Time Before Optimization
| cvRound | cvCeil | cvFloor | ||
|---|---|---|---|---|
| float | real | 0m1.535s | 0m1.755s | 0m1.756s |
| user | 0m1.501s | 0m1.702 | 0m1.712s | |
| sys | 0m0.032s | 0m0.051 | 0m0.041s | |
| double | real | 0m1.535s | 0m1.755s | 0m1.758s |
| user | 0m1.503s | 0m1.712s | 0m1.704s | |
| sys | 0m0.030s | 0m0.041s | 0m0.051s |
Time After Optimization
| cvRound | cvCeil | cvFloor | ||
|---|---|---|---|---|
| float | real | 0m1.535s | 0m1.542s | 0m1.534s |
| user | 0m1.501s | 0m1.506s | 0m1.501s | |
| sys | 0m0.032s | 0m0.033s | 0m0.030s | |
| double | real | 0m1.535s | 0m1.535s | 0m1.539s |
| user | 0m1.503s | 0m1.502s | 0m1.503s | |
| sys | 0m0.030s | 0m0.030s | 0m0.031s |
Table of Time Improvment Percentage
| cvCeil | cvFloor | ||
|---|---|---|---|
| float | real | 12.14% | 12.64% |
| cpu(usr+sys) | 12.21% | 13.16% | |
| double | real | 12.54% | 12.46% |
| cpu(usr+sys) | 12.61% | 12.59% |
Usage Before Optimization
| cvRound | cvCeil | cvFloor | |
|---|---|---|---|
| float | 18.24% | 30.13% | 30.07% |
| double | 16.88% | 31.32% | 31.29% |
Usage After Optimization
| cvRound | cvCeil | cvFloor | |
|---|---|---|---|
| float | 18.24% | 19.64% | 20.56% |
| double | 16.88% | 19.71% | 19.28% |
Optimization Result
According to tables above, we can see that currently the time usage for cvRound, cvCeil and cvFloor are very close. The real time for cvCeil and cvFloor is about 0.2 second faster. The CPU execution time (usr+sys) of these two function are still approximatey 0.2 second faster.

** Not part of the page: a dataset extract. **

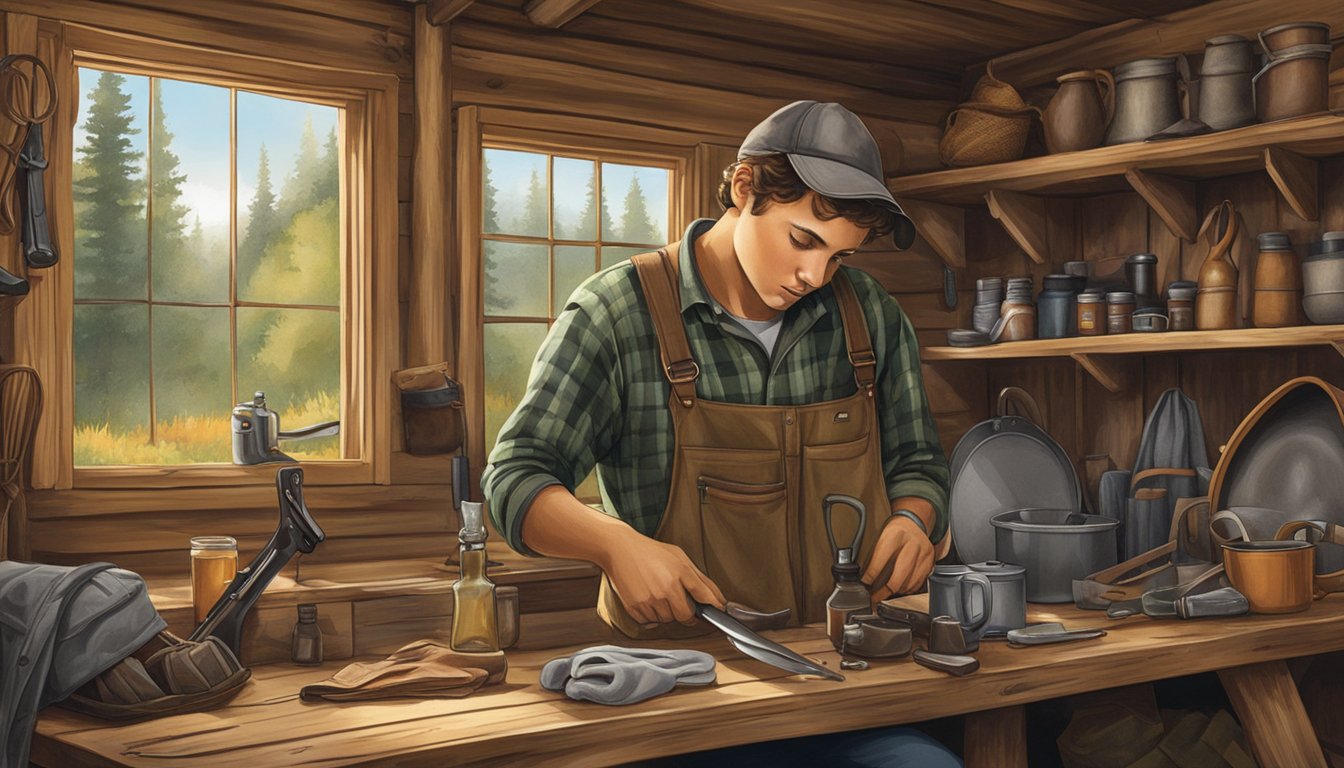 A young hunter tries on bibs in a rustic cabin, surrounded by hunting gear and woodland scenery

The usage after optimization for cvCeil and cvFloor decrease around 10% than before and is very close to cvRound
Other Architecture
Aarch64 - Betty
The safety test on Betty is passed.
Time Before Optimization
| cvRound | cvCeil | cvFloor | ||
|---|---|---|---|---|
| float | real | 0m0.559s | 0m0.654s | 0m0.656s |
| user | 0m0.548s | 0m0.633s | 0m0.645s | |
| sys | 0m0.010s | 0m0.020s | 0m0.010s | |
| double | real | 0m0.541s | 0m0.655s | 0m0.651s |
| user | 0m0.530s | 0m0.634s | 0m0.630s | |
| sys | 0m0.010s | 0m0.020s | 0m0.021s |
Time After Optimization
| cvRound | cvCeil | cvFloor | ||
|---|---|---|---|---|
| float | real | 0m0.559s | 0m0.562s | 0m0.533 |
| user | 0m0.548s | 0m0.521s | 0m0.645s | |
| sys | 0m0.010s | 0m0.011s | 0m0.012s | |
| double | real | 0m0.541s | 0m0.560s | 0m0.566s |
| user | 0m0.530s | 0m0.555s | 0m0.630s | |
| sys | 0m0.010s | 0m0.010s | 0m0.010s |
Usage Before Optimization
| cvRound | cvCeil | cvFloor | |
|---|---|---|---|
| float | 7.79% | 9.33% | 9.86% |
| double | 7.68% | 12.61% | 10.83% |
Usage After Optimization
| cvRound | cvCeil | cvFloor | |
|---|---|---|---|
| float | 7.9% | 4.9% | 8.98% |
| double | 7.21% | 6.52% | 7.03% |
Conclusion
Overall, we can see performance imporvement of cvCeil and cvFloor in both Archie and Betty. On Archie, the time of these 2 functions droped ~0.2 second and usage dropped ~12% compare with the result before optimization. On Betty, the time for cvCeil and cvFloor dropped 0.1 seconds and usage decrease 10% - 50%. Now the time and usage performance of cvCeil and cvFloor is very close to cvRound.